Saturday, 29 January 2011

Euro: The “opportunity within the crisis”

euroGermany's Foreign Minister Westerwelle has stressed the need “to direct our efforts towards a strategic and forward-looking development of the euro’s future”. Long-term structural reforms are needed, he says, to avoid another debt crisis arising in the near future. What he does not see as necessary is an increase in the euro rescue package.

The crux of the matter according to Westerwelle is that “we are in this situation because too much debt was taken on in too short a time; and it now cannot be refinanced on the markets”. The Minister therefore considers it essential to tackle the causes. The pressure created by the immediate problem must be used, he feels, to push through structural changes.

Foreign Minister Westerwelle is holding a meeting in Berlin today with Olli Rehn, the European Commissioner for Economic and Monetary Affairs. The Stability and Growth Pact will also determine the agenda at the General Affairs Council in Brussels on 31 January.

As Westerwelle puts it, every country in Europe has to “adopt sound financial and budget policies”. The “policy of running up vast debts” witnessed in past years must, he says, be brought to an end. The Minister also believes that it would be helpful for other countries to enshrine a national “debt brake” like Germany’s in their constitutions.

He is furthermore convinced that the EU’s competitiveness can be enhanced through greater coordination of the member states’ economic policies.

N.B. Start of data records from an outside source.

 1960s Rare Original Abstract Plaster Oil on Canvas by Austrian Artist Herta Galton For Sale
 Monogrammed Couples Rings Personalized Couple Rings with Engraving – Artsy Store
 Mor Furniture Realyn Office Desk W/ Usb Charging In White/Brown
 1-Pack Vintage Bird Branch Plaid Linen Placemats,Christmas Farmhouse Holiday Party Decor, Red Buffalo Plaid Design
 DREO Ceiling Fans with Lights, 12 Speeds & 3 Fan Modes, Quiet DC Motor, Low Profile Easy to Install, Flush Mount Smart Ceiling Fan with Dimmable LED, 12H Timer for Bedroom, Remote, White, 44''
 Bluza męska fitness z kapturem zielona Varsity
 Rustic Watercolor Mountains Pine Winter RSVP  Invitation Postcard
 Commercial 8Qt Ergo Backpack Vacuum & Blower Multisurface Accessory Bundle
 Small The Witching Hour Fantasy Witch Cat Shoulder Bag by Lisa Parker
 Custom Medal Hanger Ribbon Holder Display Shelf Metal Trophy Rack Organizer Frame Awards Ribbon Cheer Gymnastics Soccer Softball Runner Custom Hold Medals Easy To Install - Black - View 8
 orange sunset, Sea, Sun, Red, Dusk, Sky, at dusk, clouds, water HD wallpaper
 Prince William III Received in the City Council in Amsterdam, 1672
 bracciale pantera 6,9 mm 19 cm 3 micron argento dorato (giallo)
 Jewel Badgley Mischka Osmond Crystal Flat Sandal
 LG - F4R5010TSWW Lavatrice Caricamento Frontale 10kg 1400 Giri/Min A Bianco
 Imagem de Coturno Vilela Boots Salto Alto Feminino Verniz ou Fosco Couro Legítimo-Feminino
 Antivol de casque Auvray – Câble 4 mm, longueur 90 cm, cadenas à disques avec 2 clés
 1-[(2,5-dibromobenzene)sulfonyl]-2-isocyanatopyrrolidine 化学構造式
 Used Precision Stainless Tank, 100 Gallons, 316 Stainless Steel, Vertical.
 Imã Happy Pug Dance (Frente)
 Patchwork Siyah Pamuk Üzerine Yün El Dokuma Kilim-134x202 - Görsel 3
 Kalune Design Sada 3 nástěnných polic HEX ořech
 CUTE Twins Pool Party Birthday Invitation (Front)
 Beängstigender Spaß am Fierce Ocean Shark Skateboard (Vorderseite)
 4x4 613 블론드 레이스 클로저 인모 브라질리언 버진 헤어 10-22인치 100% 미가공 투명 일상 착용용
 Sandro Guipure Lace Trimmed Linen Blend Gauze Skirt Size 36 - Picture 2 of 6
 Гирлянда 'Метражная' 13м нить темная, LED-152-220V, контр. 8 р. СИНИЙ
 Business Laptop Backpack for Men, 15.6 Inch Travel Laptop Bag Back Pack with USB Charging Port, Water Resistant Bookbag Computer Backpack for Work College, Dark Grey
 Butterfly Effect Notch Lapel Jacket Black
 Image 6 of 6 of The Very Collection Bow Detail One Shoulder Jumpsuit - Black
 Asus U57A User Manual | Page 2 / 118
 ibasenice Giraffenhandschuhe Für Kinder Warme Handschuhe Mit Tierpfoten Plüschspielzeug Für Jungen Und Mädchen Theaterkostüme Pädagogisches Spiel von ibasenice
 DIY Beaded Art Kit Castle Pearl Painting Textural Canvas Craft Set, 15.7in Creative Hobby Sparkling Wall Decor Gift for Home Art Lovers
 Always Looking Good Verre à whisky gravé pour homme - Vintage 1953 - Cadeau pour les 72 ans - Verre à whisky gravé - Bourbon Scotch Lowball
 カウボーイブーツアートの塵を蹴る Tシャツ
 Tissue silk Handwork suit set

As the Minister puts it, strengthening member states’ real economies will in the end affect the euro itself, since the currency “can only be as strong as the real economies of its member states”.

In contrast, increasing the euro rescue package is currently out of the question for Foreign Minister Westerwelle, who points out that only a small proportion has been made use of so far, help for Ireland having amounted to less than 10% of the available package. He sees an increase as neither necessary nor helpful, since speculation on the subject would do more to unsettle the markets than to calm them.